Reputation: 536
There are plenty of documentation about how to write Pig UDFs in the various languages but I haven't found anything on how they are distributed to the data nodes.
Are they done automatically when pig script is invoked? If it makes any difference, I'd be writing UDF in Java.
Upvotes: 0
Views: 87
Reputation: 545
Let me make it more clear. Whenever we wite a UDF and the pig is in hdfs mode. Then UDFs, which initially resides in the local or the client side, is carried to the cluster as per the internal architecture of hadoop. Now the UDFs task is performed by the task tracker and it becomes the duty of the job tracker to assign the the UDFs to task tracker, which is near to the data node where the input file resides. Note: Its always the job tracker(component of name node), which actually decides which task tracker should perform the execution of the UDFs.
If the input file is in local file system(local mode), then the UFDs get executed in the local JVM.
Upvotes: 1
Reputation: 545
The fact is apache pig works in two modes 1) local mode 2) hdfs mode
To answer you question, which belongs to pig running in hdfs mode, we only made sure that the input file that we are loading is present in the hdfs(data node).
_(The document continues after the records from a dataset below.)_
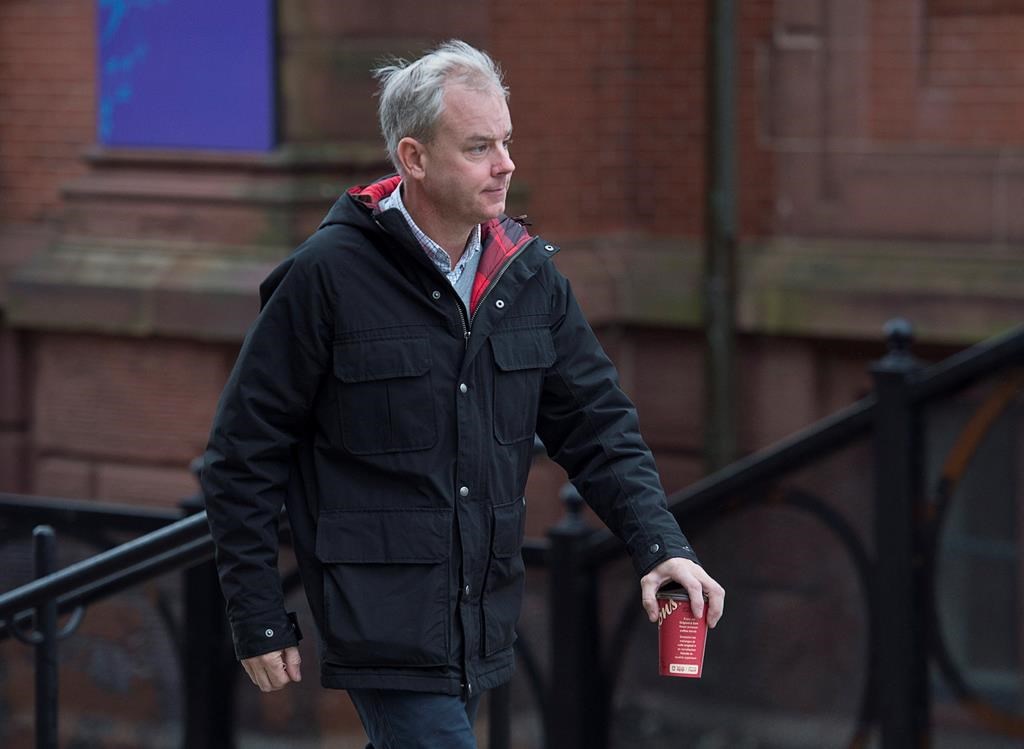 Dennis Oland arrives at the Law Courts in Saint John, N.B., on Tuesday, Nov. 6, 2018.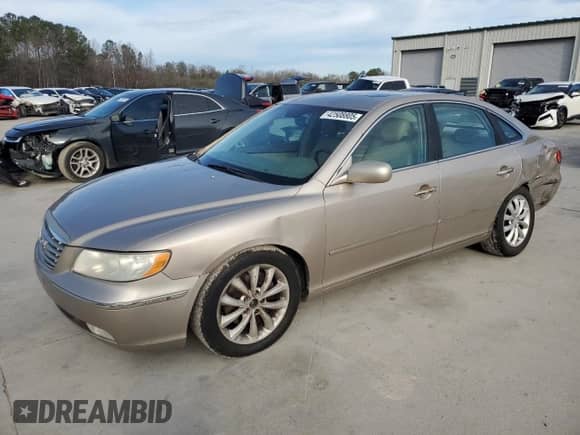 2006 Hyundai Azera SE с VIN KMHFC46F86A109521, выставлен на аукционе Copart как лот 42508805 с пробегом 215 583 миль миль и Списание • Salvage title. История ставок и продаж доступна на DreamBid. Изображение 1.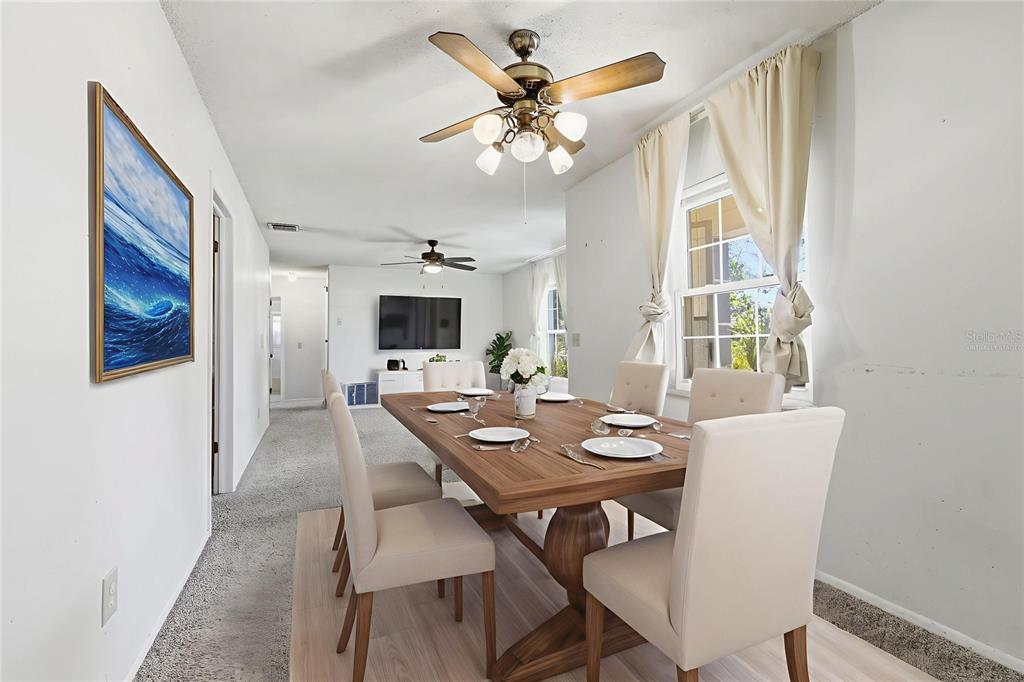 520 Jupiter Way Casselberry, FL 32707 - Photo 13 of 49 a view of a dining room with furniture and a chandelier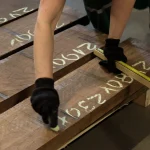 Measuring the dimensions of American walnut boards, 54 mm, in a warehouse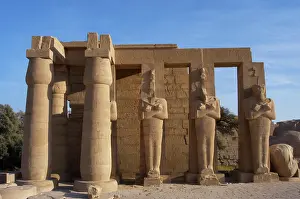 Mortuary: Rameseum. Pillars with osirian statues. Egypt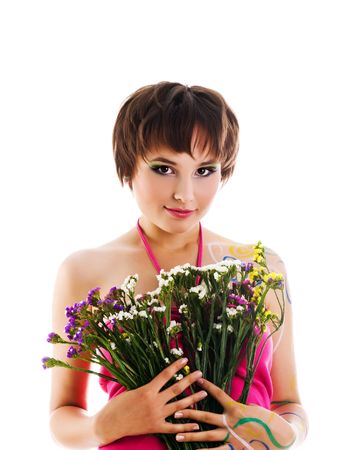 Cute young woman with bouquet of wild flowersの写真素材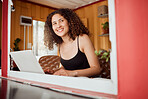 Lady working on a laptop while looking out the window of her modern, trendy and edgy house. Smiling, positive and young female student with an afro browsing on technology while thinking and learning 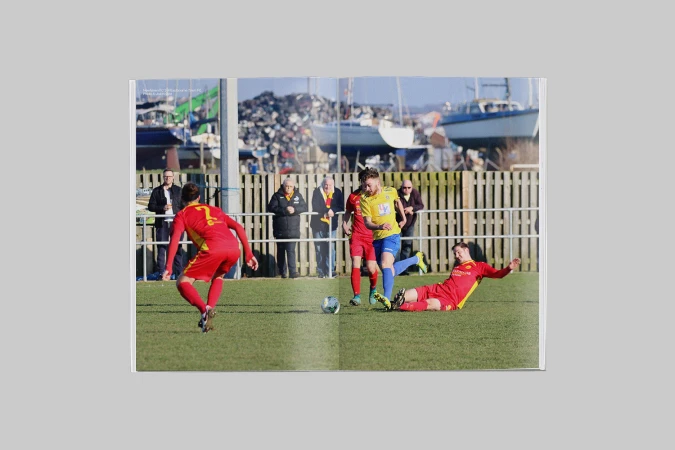 Open magazine spread displaying a football match photograph with players in red and yellow kits on a grass pitch.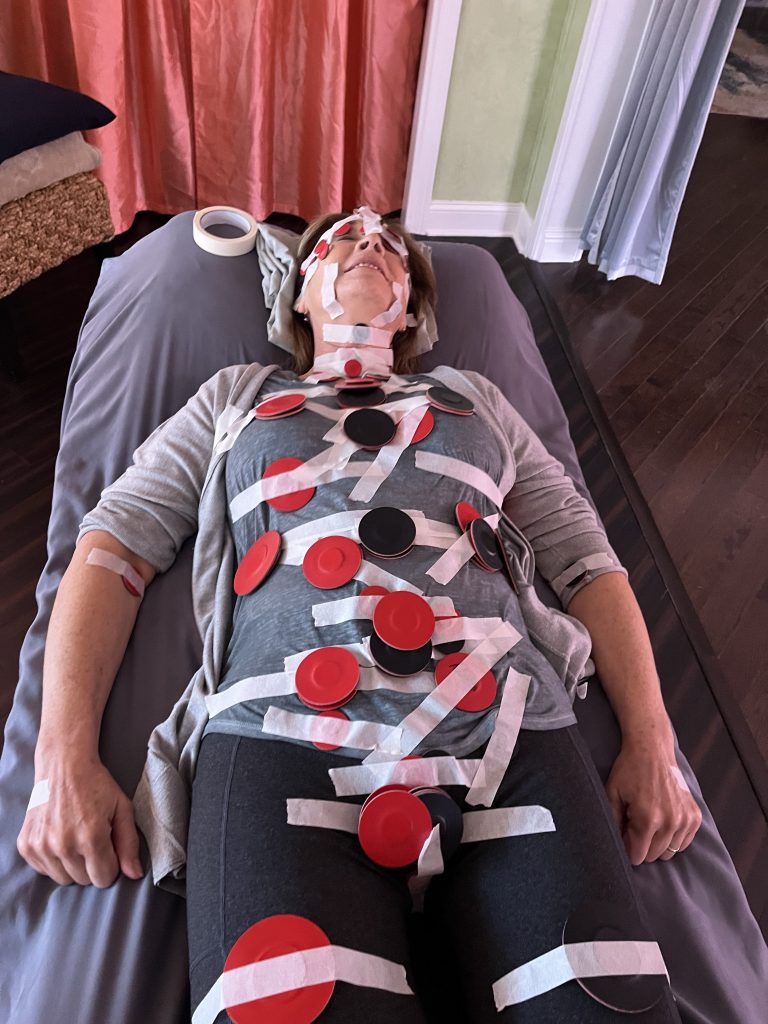 image of a woman lying down with magnets taped on her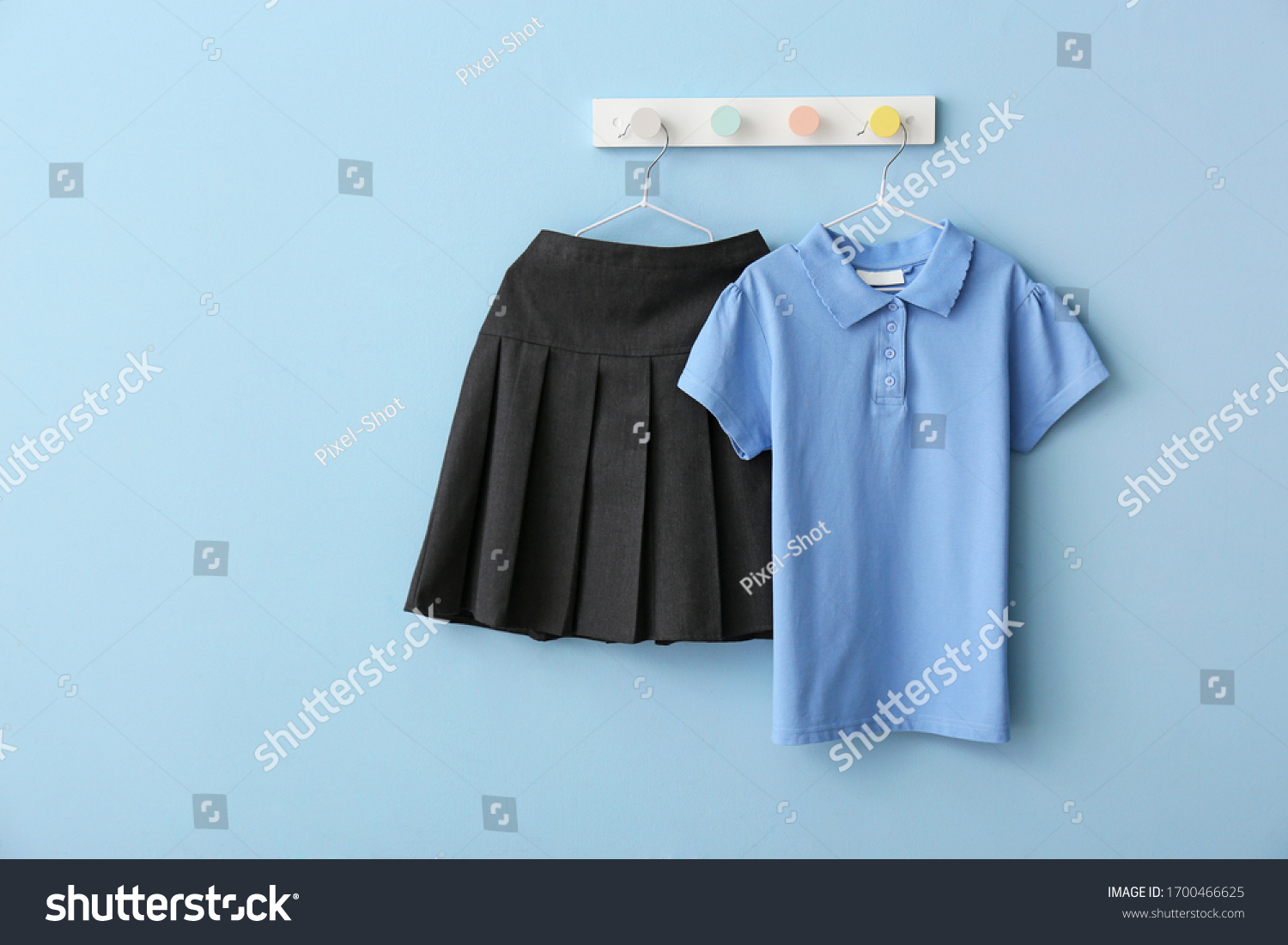 Stylish school uniform hanging on color wall #1700466625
When the question comes for UDF, this is simply a function that is used to process the input file, just link pig latin language. We are writing UDFs, pig latin via the client side node and thus all the data related to this will be stored in the client side machine. Above all, we have configure the pig so that client can interact with the hdfs to process the required result.
Hope this helps
Upvotes: 0